That is a shocker. Loy cleverly leaves open what was the cause and what was the effect of this psychological deformation. His narrative style is certainly exciting. However, it can also be criticised that he once again establishes the woman as the victim, whereas Charpentier, like Ibsen with Nora and the Lady of the Sea, shows emancipation at the turn of the 19th century. Charpentier’s Louise escapes family constraints, and she does not necessarily go to the Noctambule, but she will possibly find her own way in the knowledge of the right to freedom and happiness she has learnt from him.

Adam Smith as Noctambule is a suitably stately figure with a self-confident but often somewhat punchy tenor, where one would wish for a more mellifluous voice. Nicolas Courjal plays the father with a lanky charm, switching excitingly between tenderness, assault and horror. Having lost his daughter in the meantime, he has apparently become a complete alcoholic and then a troublemaker who rants about the decadent big city. With a large, but also rather vibrato-rich bass-baritone, he is able to characterise the abysses of a once certainly highly sought-after type for women.

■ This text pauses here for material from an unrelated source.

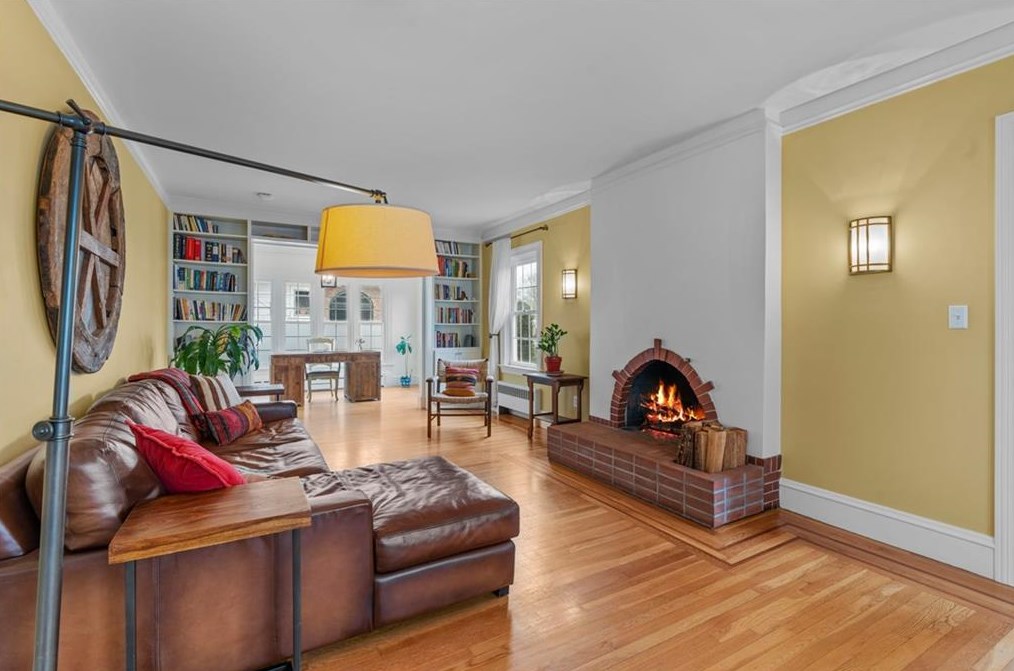 128 Shirley Blvd, Cranston RI 02910-3326 exterior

Many of the soloists, chorus and orchestra of the Opéra de Lyon, where the production will be performed at the end of January, are held together with a stringent hand by Giacomo Sagripanti. Charpentier’s music is a dream, especially when he sings about Paris and the freedom of love, the right of people to self-determination. Paris beats to the beat as in Brel’s ‘Valse à mille temps’, the city with all its diverse voices calls Louise to life. The opera, composed in a continuing flow like Wagner’s, is otherwise written along the lines of the French language, discussing, revelling, celebrating and leading to dramatic upsurges. The symphonic preludes are marvellous, in the beginning like in Puccini’s ‘Tosca’. At the end, it still bubbles up like in ‘Tristan’, the leitmotif from the duet with the Noctambule resounds again, the choral call of the city, of freedom. Unfortunately, in Loy’s version this freedom seems a dream which becomes not true.